> Work task
Among the lines below, a stretch begins at the one with "Khung cảnh hoang" and ends at the one with "Tête épaules genoux". Repeat that stretch exactly, ends included.
Source material Start Marker
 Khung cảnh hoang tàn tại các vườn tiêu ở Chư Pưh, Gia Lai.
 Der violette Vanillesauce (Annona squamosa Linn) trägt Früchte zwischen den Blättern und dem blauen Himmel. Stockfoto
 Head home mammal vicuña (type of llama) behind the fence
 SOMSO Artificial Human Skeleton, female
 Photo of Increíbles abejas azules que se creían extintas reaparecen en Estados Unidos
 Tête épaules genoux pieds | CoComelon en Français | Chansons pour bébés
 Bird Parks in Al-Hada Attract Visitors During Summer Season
Source material End Marker
Source material Start Marker
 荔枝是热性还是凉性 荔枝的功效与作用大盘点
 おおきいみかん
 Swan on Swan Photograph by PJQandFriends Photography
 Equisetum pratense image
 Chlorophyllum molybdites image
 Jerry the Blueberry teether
Source material End Marker
> Your solution
 Khung cảnh hoang tàn tại các vườn tiêu ở Chư Pưh, Gia Lai.
 Der violette Vanillesauce (Annona squamosa Linn) trägt Früchte zwischen den Blättern und dem blauen Himmel. Stockfoto
 Head home mammal vicuña (type of llama) behind the fence
 SOMSO Artificial Human Skeleton, female
 Photo of Increíbles abejas azules que se creían extintas reaparecen en Estados Unidos
 Tête épaules genoux pieds | CoComelon en Français | Chansons pour bébés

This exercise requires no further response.